Wrapping up yet another stellar year, Fleet Feet Inc. reported fourth-quarter comparable store sales grew 11%. For the full year, sales reached $96 million on a 10% comp gain. The 2009 gain comes on top of a 12% hike in 2008 and a 15% surge in 2007.


 
Fleet Feet, Inc. President Jeff Phillips said the franchisor, which held its annual Winter Franchise Conference in New Orleans, said its 2009 results were helped by new customer acquisition. Particularly beneficial has been the success of its No Boundaries program, which had over 10,000 participants in only its second year. “That's all new customers!,” said Phillips.


 
He also said Fleet Feet's franchisees benefited from their commitment to Fleet Feet's FIT process and the overall custom experience, as well as a renewed focus on financial and inventory management amid the downturn. Toward that end, Fleet Feet initiated a new service called CFO in a Box that allows Fleet Feet to manage individual stores financials through software and a remote server. 

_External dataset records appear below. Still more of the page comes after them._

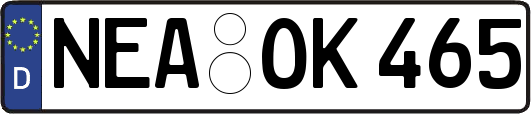 NEA-OK465
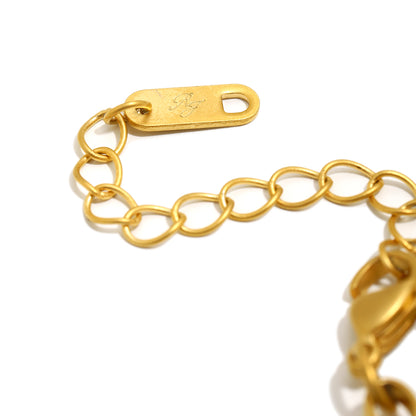 Emilie's Coin Bracelet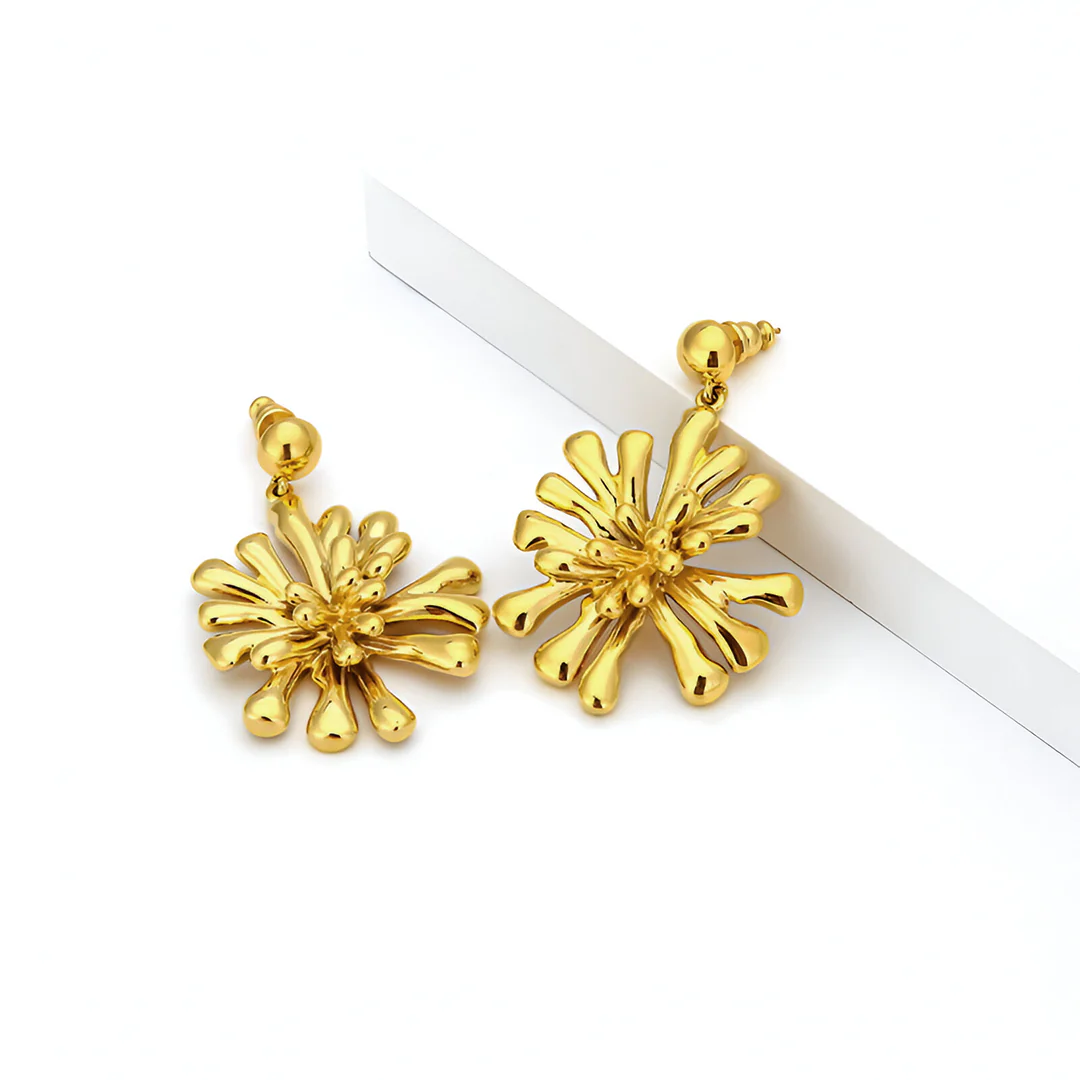 Lyra Bloom Earrings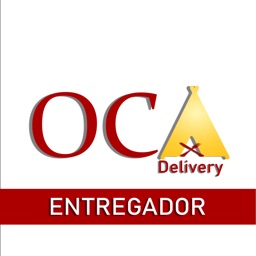 OCA Delivery Entregador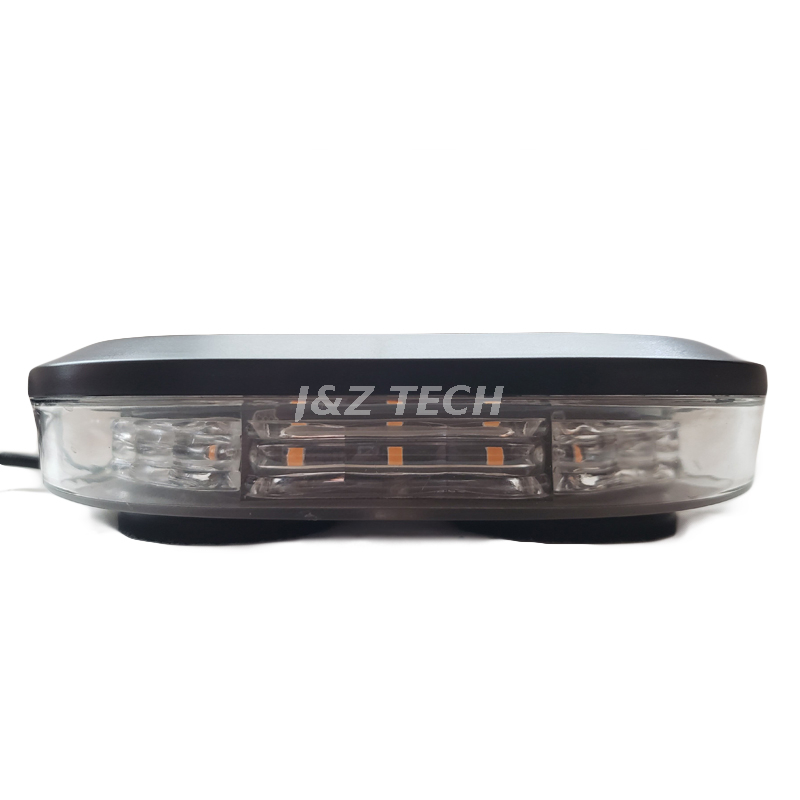 Mini barre lumineuse LED d'avertissement de flash de véhicule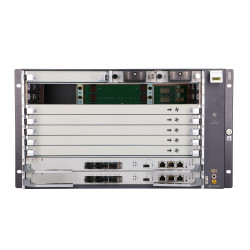 OLT Huawei MA5800 X7, 2x MPLB, 2x Модуль uplink 10G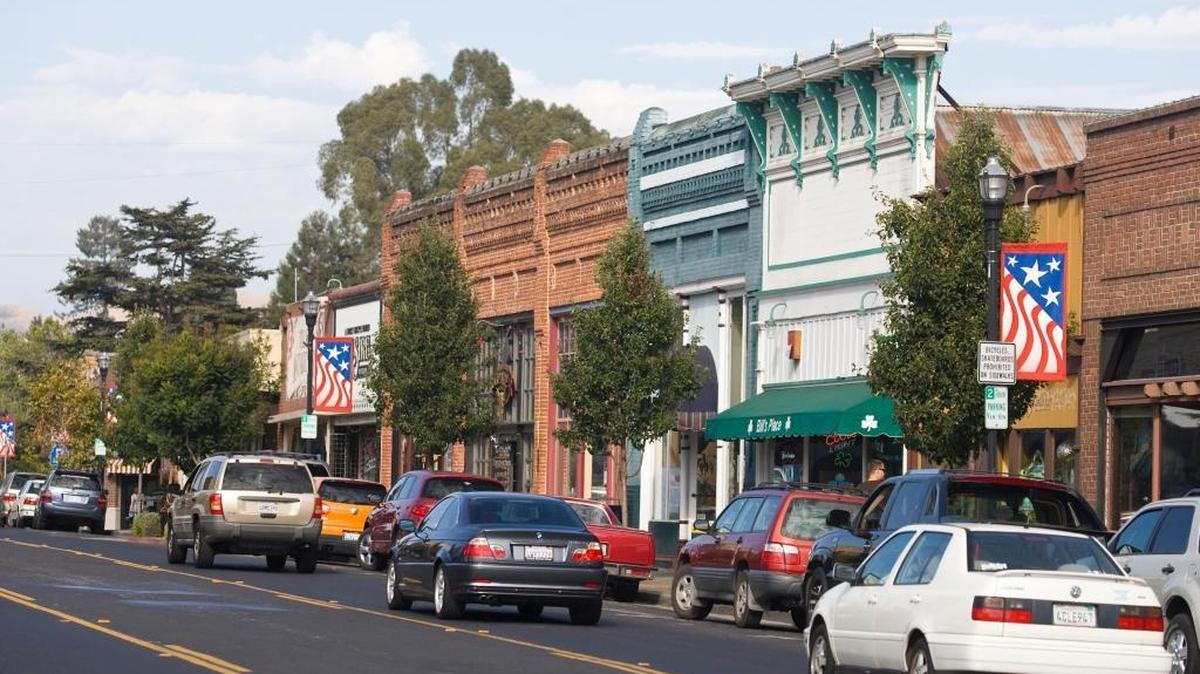Village of Arroyo Grande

“We already have about one-third of our stores up and running on this system,” said Phillips. “This allows our operations staff to review information on an ongoing basis to ensure we make good financial decisions and ultimately drive profitability.”


 
But Phillips also noted that top-line sales continue to benefit from strength in running even though the running specialty channel has become more challenging for some.


“The running category is definitely healthy,” said Phillips. “I think the bigger question is how healthy are running retailers?  There is a definitive segmentation taking place across the specialty channel.  There are stores that are innovative and have a constant stream of new ideas and initiatives to improve their business.  These stores tend to do well regardless of what’s happening in the macro economy.  There are other stores that are doing the same things they have always done and they are at risk.”


Among brands, Saucony racked up 18% growth in units sold for the year, driven by improved product and strong service and support to stores, said Phillips. The brand also earned Fleet Feet's 2009 Footwear Vendor of the Year award.  “This solidified its number three footwear market-share position and closed the gap on the top two brands, Asics and Brooks,” said Phillips.


 
Another standout was Nike, up 18.5%, which Phillips felt reflected the footwear giant's “commitment to a relationship with our brand and improved products.”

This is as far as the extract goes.